All Goldman employees are required to take three weeks off each year from 2023.
Goldman Sachs Group Inc. will allow senior staff to take an unlimited number of vacation days, the latest step by a Wall Street bank to retain talent in a heated job market.
Partners and directors of the New York investment bank can take time off if necessary “without a fixed entitlement to vacation days,” according to a company memo seen by Bloomberg. Junior employees will still have a vacation limit, but under the new policy introduced at the beginning of the month, they will receive a minimum of two extra days off each year.
All Goldman employees must take three weeks off each year beginning in 2023, the memo said. That includes at least one consecutive week of free time.

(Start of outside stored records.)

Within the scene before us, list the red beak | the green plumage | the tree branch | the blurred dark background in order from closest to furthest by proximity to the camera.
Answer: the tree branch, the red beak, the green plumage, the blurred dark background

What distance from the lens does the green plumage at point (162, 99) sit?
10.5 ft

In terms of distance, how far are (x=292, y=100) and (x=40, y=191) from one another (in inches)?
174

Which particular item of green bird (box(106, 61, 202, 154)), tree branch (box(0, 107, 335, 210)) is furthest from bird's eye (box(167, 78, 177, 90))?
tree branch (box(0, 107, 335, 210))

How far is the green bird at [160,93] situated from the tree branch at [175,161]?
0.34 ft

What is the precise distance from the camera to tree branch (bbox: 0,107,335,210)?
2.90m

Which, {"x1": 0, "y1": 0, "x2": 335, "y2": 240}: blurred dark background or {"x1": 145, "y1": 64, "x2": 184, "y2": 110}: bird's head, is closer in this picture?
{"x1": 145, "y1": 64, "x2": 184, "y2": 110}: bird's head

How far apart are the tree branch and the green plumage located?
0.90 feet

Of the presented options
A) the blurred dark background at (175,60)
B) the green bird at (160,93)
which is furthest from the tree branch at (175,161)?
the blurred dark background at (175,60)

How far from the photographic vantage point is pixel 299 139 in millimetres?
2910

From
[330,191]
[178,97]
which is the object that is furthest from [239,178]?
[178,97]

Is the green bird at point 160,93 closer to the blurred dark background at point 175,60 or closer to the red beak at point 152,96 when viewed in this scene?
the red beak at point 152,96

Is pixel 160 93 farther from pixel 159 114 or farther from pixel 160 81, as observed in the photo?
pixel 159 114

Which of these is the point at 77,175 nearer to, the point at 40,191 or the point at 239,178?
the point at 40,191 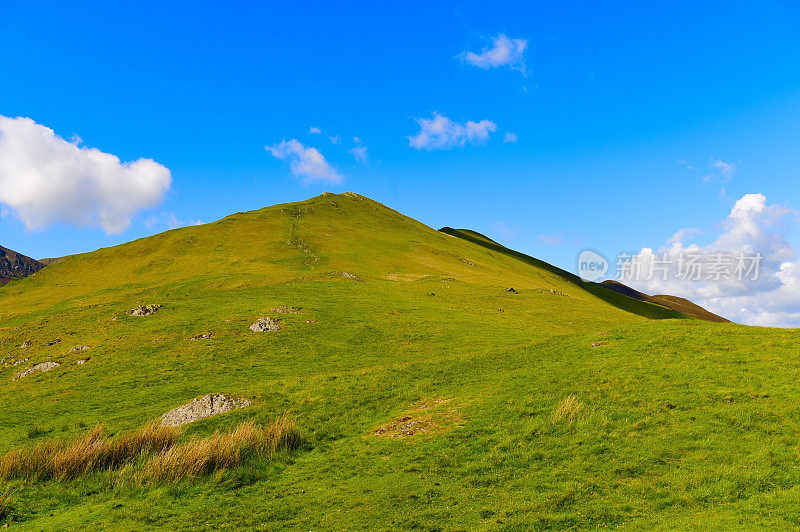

The new vacation policy comes more than a year after junior analysts at the bank complained about 100-hour work weeks and declining physical and mental health in “inhumane” conditions. That reverberated across Wall Street with companies pledging to do more to improve their workforce’s work-life balance.
The unlimited holiday policy can have a limited impact in practice. A 2017 study by HR platform Namely found that employees of companies with open-ended vacation pay tended to take fewer days off per year than with traditional systems. And it only applies to the highest ranks of the Wall Street firm, a workaholic cohort that probably won’t benefit much.
Still, it’s an eye-catching move from a bank whose hard-charging culture has become part of Wall Street’s lore. It reflects how competitive the job market has become, just as companies from Wall Street to Silicon Valley are trying to roll back the workplace policies introduced during the Covid-19 pandemic.
Unlimited vacation pay is a perk increasingly common among tech companies, including Netflix Inc. Finance firms – steeped in a culture of long hours – adjusted more slowly, although UK broker FinnCap Group Plc said last year it was changing its holiday policy to offer employees unlimited paid breaks from 2022. The move was intended to ease pressure on to ease the workforce during an unprecedentedly busy time for capital markets.
Goldman’s increase in its vacation entitlements may soften the blow of taking several benefits from the pandemic era. Goldman ended free breakfast and lunch in the office last month – a perk to lure staff back to work. The bank has been one of the most aggressive financial firms to push for a return to office.